RossBencina 6 months ago
I would love to know how the author tested/verified that the code is correct.
- stephencanon 6 months ago
  The _algorithm_ is certainly correct (this is a relatively straightforward and well-known theorem of floating-point arithmetic, see e.g. "Handbook of Floating-Point Arithmetic" by JM Muller et al).
  Whether or not the code presented is a faithful translation of that algorithm is more subtle and somewhat dependent on the environment; the AddWithError operation requires that no excess precision is used (FLT_EVAL_METHOD == 0), which is the norm for compilers today but not quite universal, especially for compilers that target 32b x86. The `LowestBitOfMantissa`, `AddOneBitToMantissa` and `SubtractOneBitFromMantissa` operations are not implemented in the post--those aren't hard to implement, but doing it without invoking undefined behavior can be subtle (and what's actually permitted is a critical distinction between C and C++).
  It also may not handle some non-finite cases correctly--when the result is infinite or NaN, the error term as computed will be NaN, which will pass `errorTerm != 0.0 && LowestBitOfMantissa(value) == 0`, which will cause a bit to be subtracted from the result, rounding infinity back to a finite value. That will overflow back to infinity on the final conversion in default rounding, but in directed rounding modes will give the wrong answer. It also will get the FP flags wrong in some cases, which doesn't matter much for most use, but means you couldn't use it as a C standard library implementation.
  A fully correct implementation that handles all these small details isn't really any more complicated, and can be written in ~20 lines of C without any code golfing (I wrote Apple's libm fma[f] for targets that do not have hardware support). The "hard" part is writing the thousands and thousands of tests that allow you to have some confidence in the implementation details—this can largely be automated, but it’s definitely the harder side of the task.
  RossBencina 6 months ago
  > The "hard" part is writing the thousands and thousands of tests
  Indeed that is what I was getting at -- and I wouldn't know where to start. I'd like to know more about this.
  Thanks for the Muller book reference, will have to acquire. I have their "Elementary Functions" book.
  stephencanon 6 months ago
  Interesting test cases for FMA are pretty easy to characterize, since it's a simple linear function up to rounding. The obvious edge cases include zero/infinity/nan arithmetic, cases where the product would overflow or underflow but the final result does not, and cases where the produce has finite overflow/underflow but the addend is an exact infinity or zero which hides it. After those, cases with significant cancellation (e.g. fma(1+e, 1-e, -1)) are interesting, as well as cases that fall exactly on or very close to rounding boundaries (these can be constructed via integer arithmetic fairly easily).

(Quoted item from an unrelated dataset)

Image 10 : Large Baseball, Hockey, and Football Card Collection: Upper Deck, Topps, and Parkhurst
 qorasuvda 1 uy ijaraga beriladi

  fma is also interesting because it can produce results very close to the underflow boundary (add/subtract/divide/sqrt cannot do this, so one sometimes unearths bugs specific to fma, occasionally even hardware bugs), so those are well worth exercising. For subnormal results, double-rounding happens in a different bit position, so it's important to exercise those cases. One also wants to exercise cases where the product underflows by a huge amount, but the final result does not, because people sometimes write implementations based on integer arithmetic that will incur out-of-range shift counts that may not be correctly handled and invoke UB in C or C++.
- djmips 6 months ago
  I would imagine checking on a machine with working FMADD instructions would be a start. Exhaustive A/B might take a while...
- eapriv 6 months ago
  It doesn’t even compile (the last code snippet uses some undefined variables).
anematode 6 months ago
As a vaguely related observation, I recently found a bug in a JVM written in JavaScript which implemented the l2f (64-bit long to 32-bit float) instruction incorrectly as Math.fround(Number(x)), performing an intermediate conversion to double (because there's no way to directly round a JS bigint to float in one step). My workaround was to round the intermediate result to odd before calling Math.fround: https://gist.github.com/anematode/46bb73dbe6134cc861975c6443...
msk-lywenn 6 months ago
I think the link should be: https://drilian.com/posts/2024.12.31-emulating-the-fmadd-ins...
bru3s 6 months ago
[dead]